EXERCISE DESCRIPTION
Retype exactly the span of lines below from the one with "X1 Gas Spring" through the one with "HasBulla🔴💙 banner". Do not include pictures.

DATASET
Segment Open
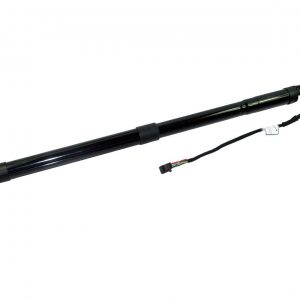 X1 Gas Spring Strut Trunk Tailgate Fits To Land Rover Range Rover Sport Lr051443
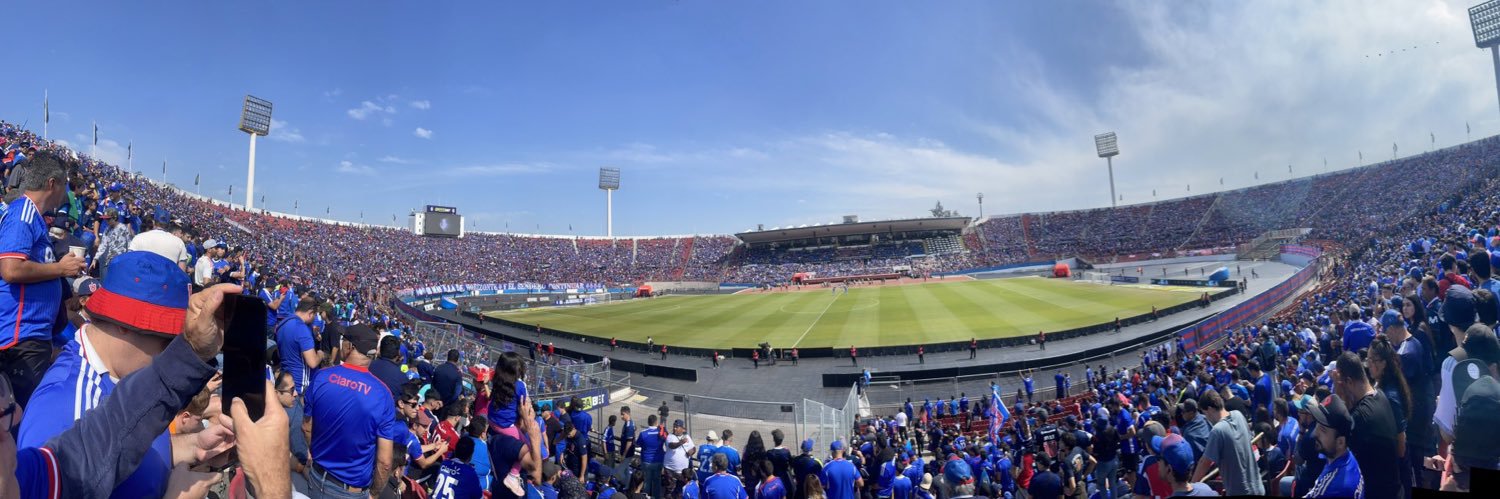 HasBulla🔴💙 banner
Segment Closed
Segment Open
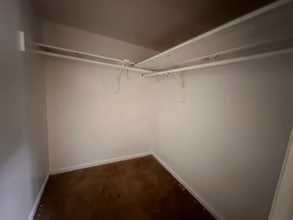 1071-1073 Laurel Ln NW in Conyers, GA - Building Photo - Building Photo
Segment Closed
Segment Open
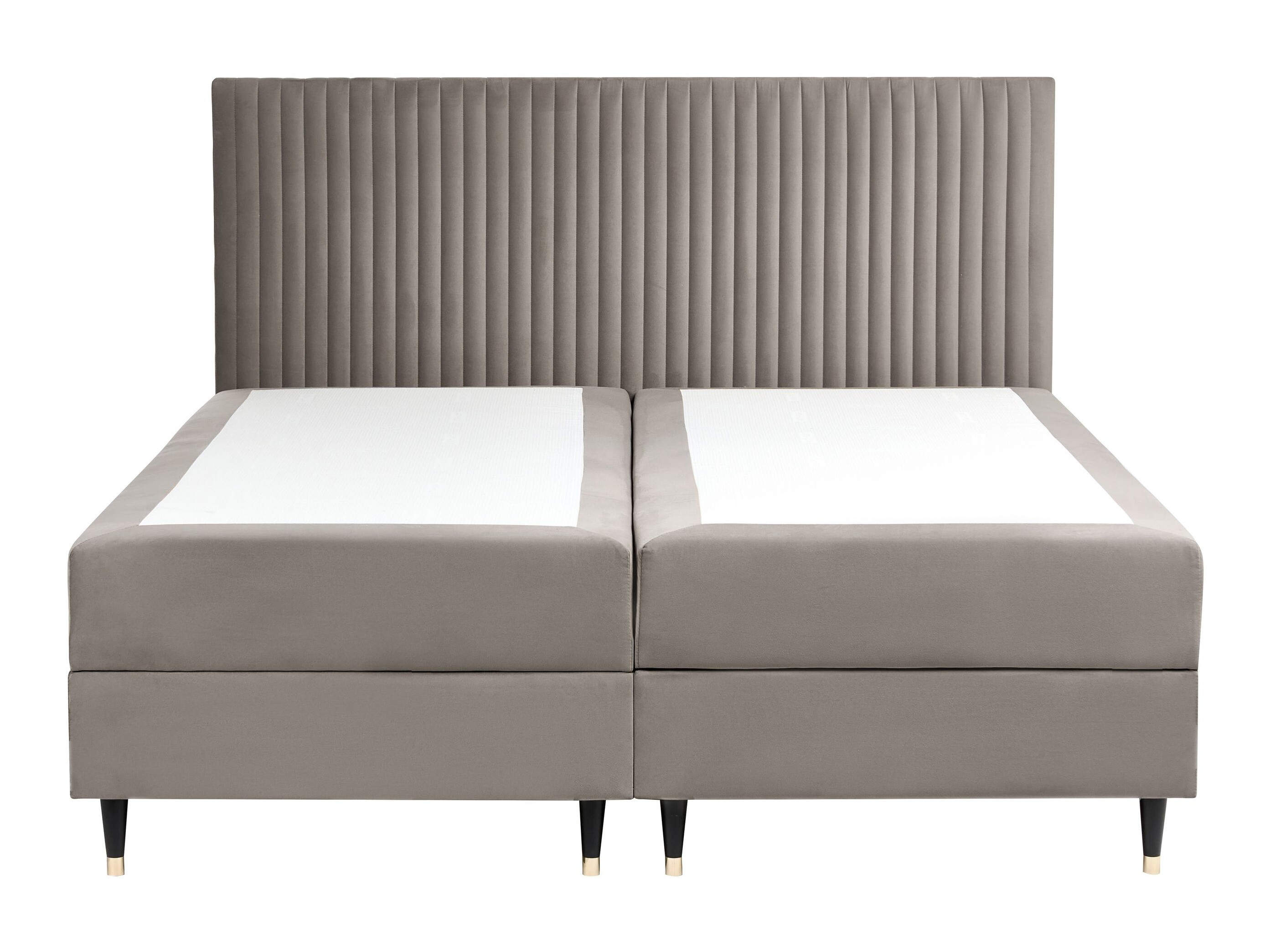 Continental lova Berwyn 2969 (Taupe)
Segment Closed
ANSWER BELOW
 X1 Gas Spring Strut Trunk Tailgate Fits To Land Rover Range Rover Sport Lr051443
 HasBulla🔴💙 banner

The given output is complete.